The story begins with a group of parents who, in desperation, have dragged their children to Camp Moriah, a reformative camp in the Arizona desert directed by an unlikely pair of friends: Yusuf al-Falah, an Arab immigrant from Jerusalem, and Avi Rosen, a younger, once embittered Israeli man. The other main characters in the book are the parents of troubled youth who, with the help of Yusuf and Avi, begin to discover that there is much more to establishing peace in their homes and places of employment than they previously had supposed.  In other words, the parents, guided gently along by Yusuf and Avi, begin to discover that the real solution to their problems is located within their own hearts.

The basic message of The Anatomy of Peace is simple, but profound: there is no way to resolve conflicts, whether at home, at work, or even on a larger scale between nations and peoples, unless there is first a resolution of conflicts within the human heart.  A heart at war cannot promote peace because a heart at war causes its possessor to see other people as objects rather than as human beings with hopes, dreams, desires and goals.  Only with a heart of peace can individuals begin to see people as people, and thus begin to spend more time helping things go right instead of dealing with things that are going wrong.

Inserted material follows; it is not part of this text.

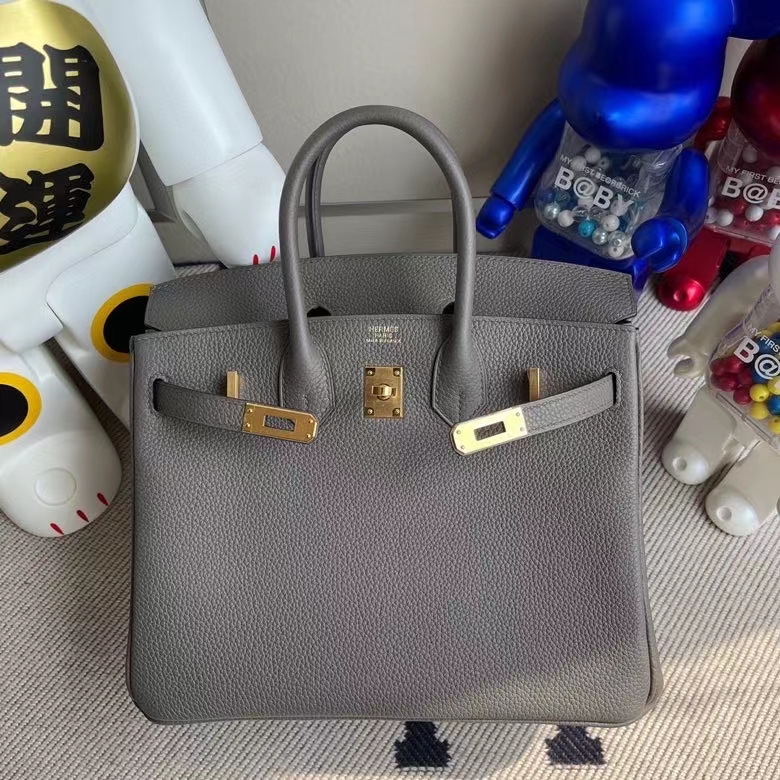 Hermès（爱马仕）Birkin 铂金包 原厂小牛皮 togo 8F 锡器灰 etain 金扣 25cm 顶级手缝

The premise is simple, but in one way or another, and at one time or another, no one is exempt from having a heart at war.  How do we recognize a heart at war?  How do we turn from a heart of war to a heart of peace?  How do we share that peace with others?  These are all questions that The Anatomy of Peace can help us answer.  The Anatomy of Peace demonstrates that peace has more to do with our way of being than simply with our way of acting.  It shows how even the most bitter enemies and fiercest opponents can become friends.  

I highly recommend this book to anyone and everyone who is dealing with conflict in their lives, whether personally, at home, or elsewhere.  It may just hold the key to resolving difficulties that have long troubled or perplexed you.  Enjoy.